The thing that struck me the most on this viewing is the subtle handling of the romance between Dallas (Claire Trevor), the typical “hooker with a heart of gold,” and Ringo Kid (John Wayne), a well-known outlaw who has broken out of jail in order to seek revenge on the Plummer brothers who killed both his father and his brother. Along with Doc Boone, Dallas and Ringo are the characters cast as “indecent” from the outset of the film. Doc Boone is a drunk, Dallas has been driven out of town by “respectable women,” and Ringo is an outlaw. The arc of the film demonstrates that although these characters seem rough on the outside, they are actually the most caring, selfless, and noble of any of the characters in the film. The looks that Dallas and Ringo give each other throughout the film serve to build the romance as we realize that these two only see the good in each other. Whereas the upstanding Lucy Mallory (Louise Platt) looks at Dallas and sees a fallen woman, Ringo only sees a beautiful, kind, and generous woman. While most of the occupants of the Stagecoach see Ringo as a murderous crook, Dallas sees a noble and kind soul.

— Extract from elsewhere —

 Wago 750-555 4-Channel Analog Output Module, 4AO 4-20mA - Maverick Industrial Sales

Ringo’s love for Dallas is sealed when he sees her holding Mrs. Mallory’s newborn baby. When Ringo asks Dallas to come to live with him on his ranch (as close as a cowboy gets to saying “Ah shucks, will you marry me?”), Dallas doesn’t know how to tell him the truth about the unsavoury things she has done to make ends meet since her family was massacred when she was a kid.

Dallas: “But you don’t know me. You don’t know who I am.”
Ringo: “I know all I want to know. So will you go?”
Dallas“Oh don’t talk like that.”
Other wonderful moments in their romance:

When poor Dallas is so torn up about whether or not she should say yes that she even asks Doc Boone if it would be alright for a girl like her to marry a guy like Ringo.

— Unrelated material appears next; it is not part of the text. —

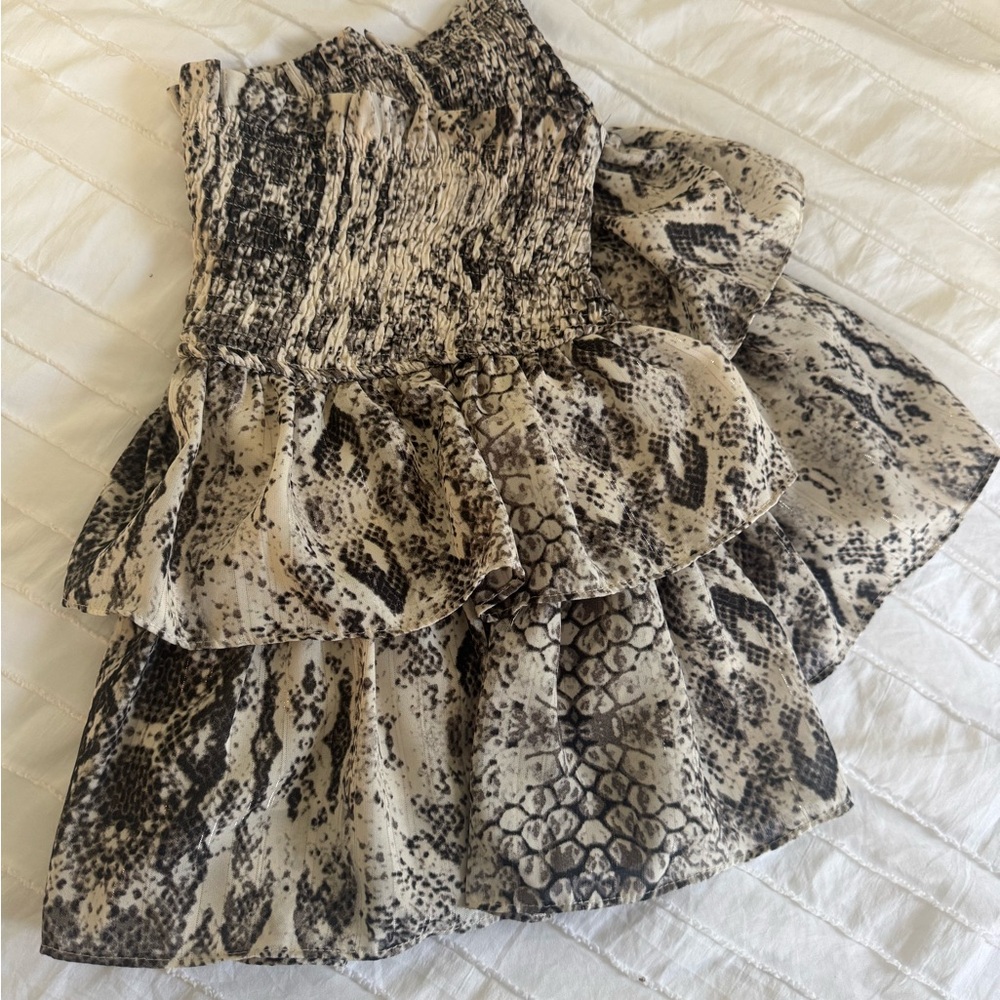 Vestique Snakeskin Print Ruffled Skirt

When Ringo asks the marshal, Curly, if he’ll make sure Dallas gets to his ranch while he spends his year in 
jail: “This is no town for a girl like her.”

The most wonderful scene occurs once they’re in Lordsburg and Ringo tries to escort Dallas home and she doesn’t want him to follow all the way because he will discover what she’s been doing for a living. “It’s all been a crazy dream. I’ve been out of my mind just hoping. Say good-bye here, Kid” she says tearfully. He grabs her by the arm and says “We ain’t never gonna say good-bye.” The tension is accentuated by the impending gunfight. The film ends with them being allowed to escape across the border together to Ringo’s ranch by laughing Doc and Curly. Doc turns to Curly and says: “Well, they’re safe from the blessings of civilization.”

The romance in this film reminded me that it has been a long time since I had seen a really good screen love affair that truly swept me up in the romance of the affair. We don’t need tongue-down-the-throat sex scenes to titillate the senses. The best romances are the ones where more is hinted at than shown. The most sensual, titillating romantic scene in a movie for me is the love scene in Hitchcock’s Notorious, where Cary Grant and Ingrid Bergman are shown in close up peppering each other with small kisses because the censors of the time wouldn’t allow long lip-locks. Although censors have been responsible for a lot of good stuff ending up on the cutting room floor, back in their most censorious period they were responsible for much better love scenes because directors and actors had to come up with more and more ingenious ways to suggest more than show the physical longing between two protagonists. The only films that manage to do the same things these days are BBC costume dramas like Pride and Prejudice with Colin Firth. That series made Firth’s career skyrocket because of the suggestion of what might lurk under those wet clothes as he comes out of the pond, and the promise of the passion lurking behind those smoldering looks he gives Jennifer Ehle.